Often mentioned in The Winter's Tale, the cycle of the seasons is closely related to the themes of time and nature. The seasons symbolize the ongoing, steady activity of natural processes. In the course of the play the "sad tale" told for winter morphs into a celebration of summer, as dramatized in the sheep-shearing festival of Act 4 and the reconciliations of Act 5.


Both Leontes and Polixenes are preoccupied with the issue of succession in Sicilia and Bohemia, respectively. Leontes, stricken with jealousy, anxiously contemplates the legitimacy of his son Mamillius in Act 1, Scene 3. In the stern prophecy of Apollo's oracle at Delphos, reported in Act 3, Scene 2, Leontes will remain without an heir "if that which is lost be not found"—an allusion to Perdita. In Act 4, Scene 4 Polixenes threatens to disinherit his son Florizell, barring him "from succession" because of his betrothal to a seeming commoner. Happily, the issue of succession is settled with the revelation of Perdita's identity, which provides Leontes with an heir and Polixenes with a suitable wife for his son.

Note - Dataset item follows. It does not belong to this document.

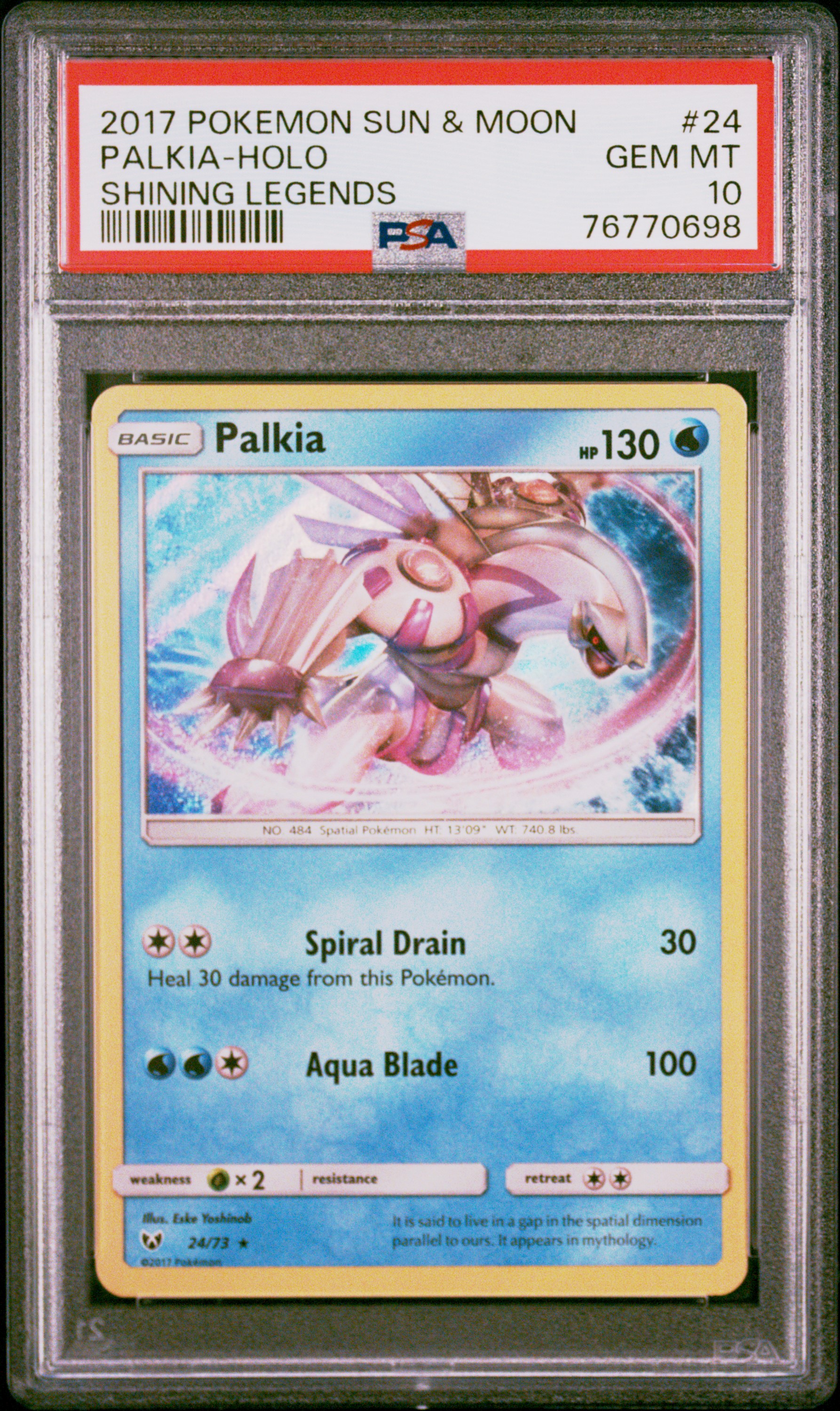 2017 Pokemon Sun & Moon Shining Legends #24 Palkia-Holo PSA 10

The idea that The Winter's Tale resembles an old story or a "sad tale" draws attention to its elements of fantasy and its romantic conventions. In The Winter's Tale the device first appears in Act 2, Scene 2, when Hermione and her ladies-in-waiting urge the young Mamillius to tell them a tale—the "sad tale" of sprites and goblins best suited to the winter season—it ties in imaginatively to the story of Leontes's family. Storytelling is also prominently mentioned in the conversation of the three gentlemen in Act 5, Scene 2, when they say that the improbable rediscovery of Perdita is like an "old tale."

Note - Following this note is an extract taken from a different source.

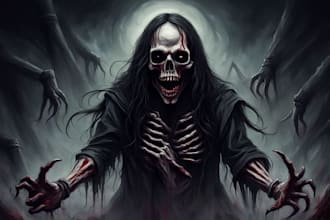 create dark art illustrations in pen and ink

The motif of festivity undergirds Act 4, Scene 4, which is the longest scene in the play. The explicit occasion is the sheep-shearing festival, a community-wide celebration devoted to feasting, music, dance, and jests. Shakespeare's principal source, Robert Greene's Pandosto (1588), refers to a "merry" country meeting filled with "homely pastimes and sports." Fawnia (Perdita) was the mistress of the feast, or hostess.